I’ve started thinking about this a lot in the last couple years when our world has seen a lot of huge weather events — tsunamis, hurricanes — one after another after another, earthquakes and blizzards. There was a time when people were constantly aware of the natural world and its power over us but these days we seem to have forgotten a lot of that. We think with our affluence and our big machines, we are superior to the weather and I sometimes think the weather is intensifying to put us in our place.

Yesterday I had to run a quick errand and was stunned at the number of cars — mostly SUVs out flying around sending huge waves of water into people’s lawns as they went flying past on whatever important mission they were on. It always makes me think of an accident I witnessed a few years back. I was driving through a particularly mountainous section of Interstate 80 in Pennsylvania. Traffic was creeping along because there was ice on the road. Suddenly an SUV driven by a young woman came flying down the emergency lane. I don’t know what her emergency was but it wasn’t worth the means she took because she lost control on the ice, went flying through a guard rail and down an embankment out of site. I have thought of her often wondering if she survived and what in the world ever caused her to be so reckless.

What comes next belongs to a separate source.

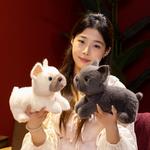 Плюшевая кукла щенка бульдога AOLETU - фото 5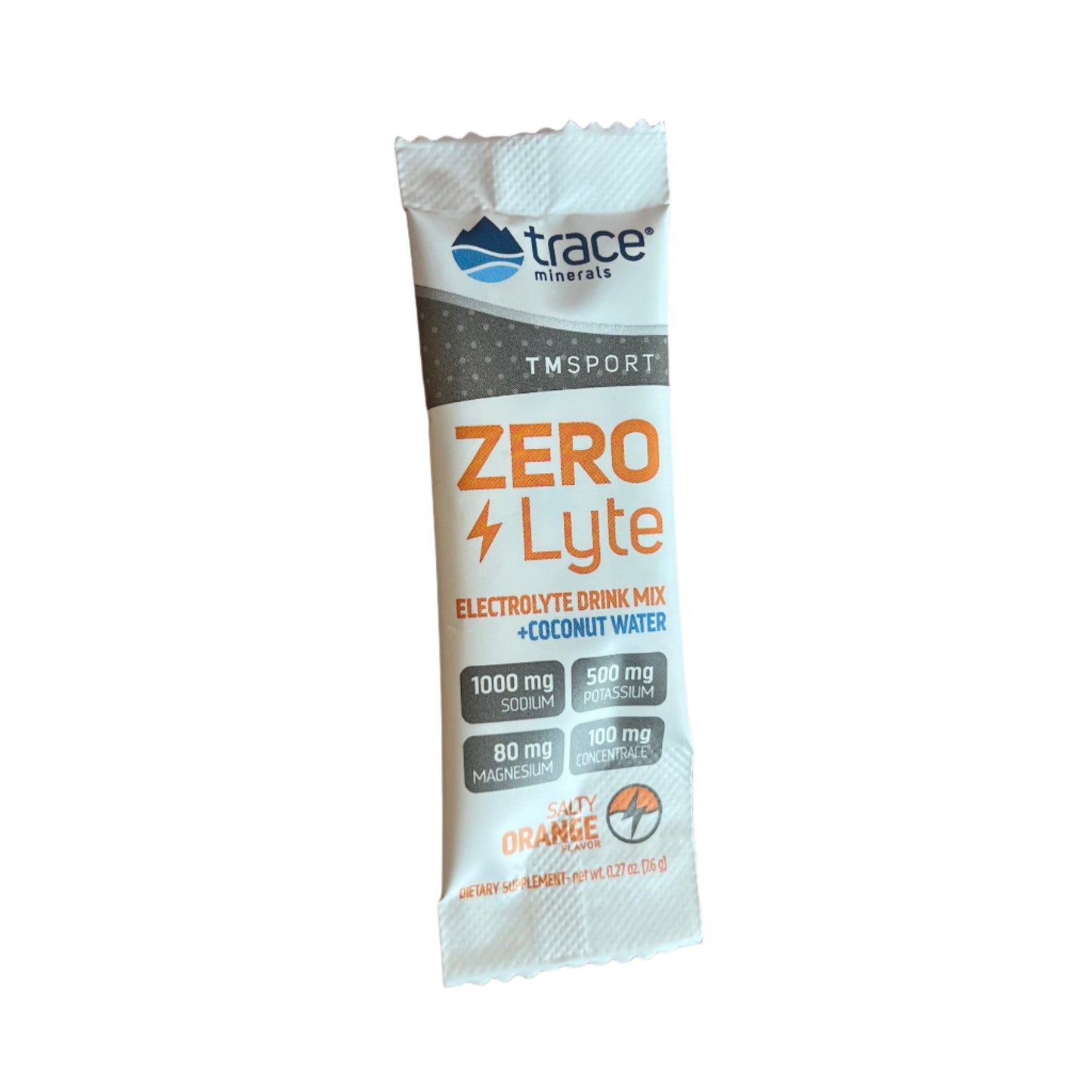 ZEROLyte Electrolyte + Coconut Water, 30 Stick Packs, Trace Minerals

There are times when we need to stay put. Emergencies do arise but taking chances just for the excitement of it scares me. I guess I did that when I was younger but these days I’m more careful. If the governor says to stay home, I try to stay home.

In his book, Mark has a rather blistering condemnation of thrill-seeking pleasure boaters who go off into hurricanes for excitement, get into trouble and then necessitate the poor, over-worked Coast Guard guys to go out after them. That’s what I think about now — taking dumb chances that wind up endangering others. So it is raining and I am staying home working — I’ll check on my car when the rain dies down and be ready to bail.

Thanks for reading.

Friday, May 12, 2006

Last Night at the Library

The Gloucester Lyceum is a noble institution, one that this town can be very proud of. It traces its roots back to the days when mass media was not available and people in towns such as this would gather together to share ideas, listen to speakers in all fields of endeavor, ask questions and talk. When I attend the Lyceums, always held at the Sawyer Free Library here in Gloucester, I always wonder why I don’t go every time. When I am one of the speakers, I am both humbled and proud.

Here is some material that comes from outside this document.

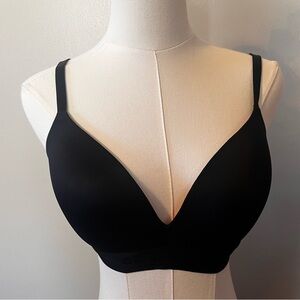 Pink Victoria's Secret Black  lightly lined wireless T-shirt bra 34DD Padded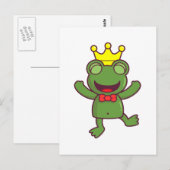 Ik ben een groene kikker briefkaart (Voorkant / Achterkant)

Last night the Gloucester Lyceum presented “Sell That Story”, two of the publishers and two of the authors from Windchill: Crime Stories by New England Writers, in a panel discussion on writing and getting published today. We had a very good audience — especially considering our competition! Last night was the Empty Bowl benefit at the Elks which always attracts hundreds of people. In Rockport the Sandy Bay Historical Society presented a program on the Folly Cove Designers, and, the Sox were playing the Yankees — an event that made one of the members on our panel, Mark Williams, very restless.

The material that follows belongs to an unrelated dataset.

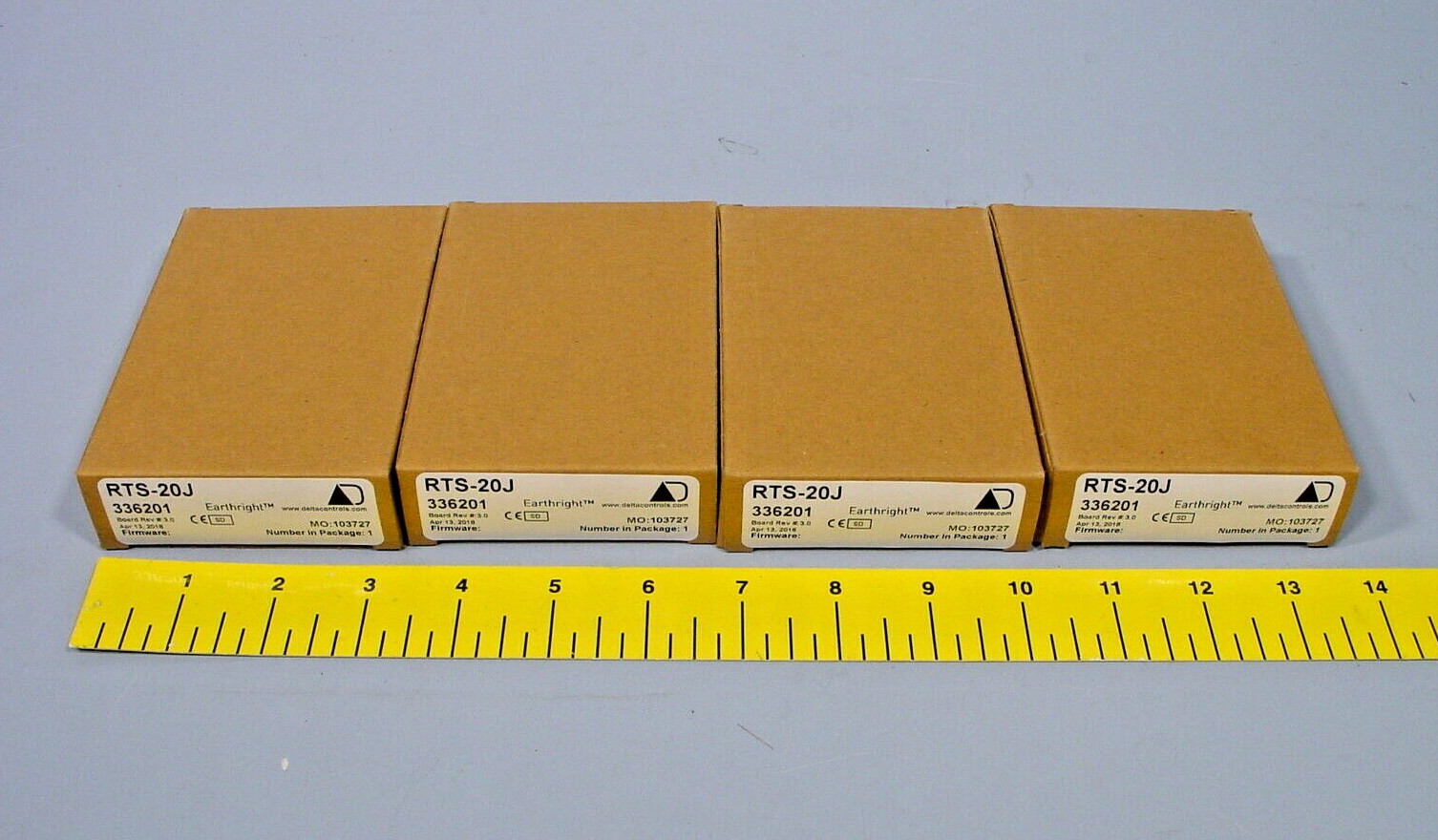 Lot of 4 DELTA CONTROLS RTS-20J THERMISTOR 10K with JACK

But it was all good. In the first place let me say that I am always pleased and proud to be included in any program with Susan Oleksiw and Kate Flora. Both of them are such distinguished writers, with such an impressive body of work that even saying that I know either of them makes me happy.

Susan Oleksiw is the author of the Mellingham Mystery Series featuring Detective Joe Silva. Her recently published book, A Murderous Innocence, is the fifth in that series. In addition, Susan is a distinguished scholar of Sanskrit and her Anita Rey short stories, set in India, are usually my favorites in the Level Best Books anthologies. She was the founder of Larcom Review, a literary magazine that enjoyed high acclaim while it was publishing.

Kate Flora is one of those people who awe me. She just completed an MFA in Writing, is an attorney and a former attorney general for the state of Maine. She is a past international president of Sisters in Crime, has written seven mystery novels in the Thea Kozak series. She is also beautiful, intelligent and very nice. Her latest book, Finding Amy, which she co-wrote with Portland, Maine Deputy Chief Joseph K. Loughlin, about the disappearance and murder of Amy St. Laurent. I bought a copy of her book last night and am looking forward to reading it.

The rest of the panel was Mark and me — both a little stunned to even be there.

Susan moderated the discussion and we began talking about how we came to write the stories that we did. Since I never intended to write crime fiction, I’m always a little baffled by how I wound up doing it. But I shared my story. Mark, who was making his first public appearance as a published writer, talked effortlessly about how he began writing and how he wrote his story. Despite his natural reticence to call attention to himself, you put him in front of a group of people and he turns on the charm and I can never quite believe it is the same guy I see on a day to day basis. It was a good night.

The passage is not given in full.